David Eubank, the husband of appellee Kembra Eubank, died as a result of an electrical burn he sustained while working for the United States General Services Administration (“GSA”). Kembra Eu-bank, individually and on behalf of her two minor children, filed suit in Missouri state court against Kansas City Power and Light Company (“KCP & L”), the compa *426 ny that supplied electricity to the GSA facility where David Eubank was injured. KCP & L then filed a third-party petition seeking indemnity and contribution from David Eubank’s GSA supervisors. Pursuant to 28 U.S.C. § 2679(d)(2), the United States was substituted as the third-party defendant in place of the GSA supervisors, and the case was removed to federal court. The district court 1 determined that it lacked subject matter jurisdiction over the third-party petition, because the Federal Tort Claims Act (“FTCA”), 28 U.S.C. §§ 2671-2680, did not waive the government’s sovereign immunity in this case. The district court dismissed the third-party petition and remanded the Eubanks’ claim against KCP & L to state court. We affirm.
I.
In August 2006, David Eubank was employed as an equipment specialist by the GSA office responsible for overseeing several unoccupied buildings owned by the GSA in Kansas City, Missouri.
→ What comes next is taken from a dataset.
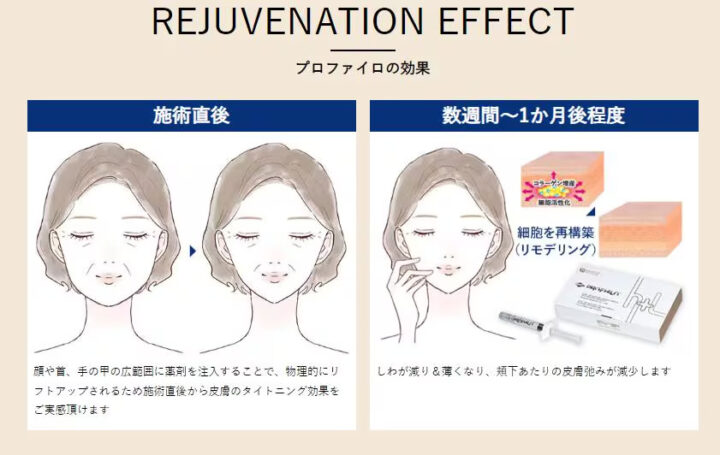 プロファイロ 湘南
The buildings were known collectively as the Hardesty complex. KCP & L supplied electricity to the Hardesty complex through an electrical vault building located on the complex grounds.
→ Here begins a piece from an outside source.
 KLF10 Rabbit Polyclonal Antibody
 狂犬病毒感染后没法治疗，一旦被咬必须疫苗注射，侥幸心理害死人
The electrical vault building contains two sets of electrical switches, located approximately ten feet above the floor, with switch arms that can be pivoted. These switch arms control the flow of electricity to the vault building; when the arms are in an open position disengaged from the feeder cable that supplies electricity to the vault building, power does not flow to the equipment in the vault building. Even when the switch arms are open, however, the feeder cables supplying electricity to the vault building and the switch arms remain electrified.
In 2006, GSA employees discovered that vandals broke into the vault building on at least two occasions and removed copper from the electrical equipment. On August 10, 2006, Roger Haynes, deputy director of the GSA office, directed David Eubank and another employee to enter the vault building to remove a transformer canister that was left by the vandals. Inside the vault building, David Eubank noticed a chain near the switch arms. When he went to remove the chain, an arc flash was generated, and he was severely burned. David Eubank died eight days later as a result of the burns he suffered at the Hardesty complex.
After her husband’s death, Kembra Eu-bank elected to receive benefits from the United States, pursuant to the Federal Employees’ Compensation Act (“FECA”), 5 U.S.C. §§ 8101-8193. The Eubanks were granted FECA benefits by the Department of Labor retroactive to August 19, 2006. Kembra Eubank, individually and on behalf of her two minor children, also filed suit in Missouri state court against KCP & L for damages suffered as a result of the death of David Eubank.
KCP & L answered the complaint and filed a third-party petition for indemnity and contribution against David Eubank’s GSA supervisors, Haynes and Larry Harkrader, the director of the field office in charge of the Hardesty complex. After determining that the GSA supervisors were acting in the scope of their government employment, the United States substituted itself as the third-party defendant and removed the case to federal court, pursuant to 28 U.S.C. § 2679(d)(2).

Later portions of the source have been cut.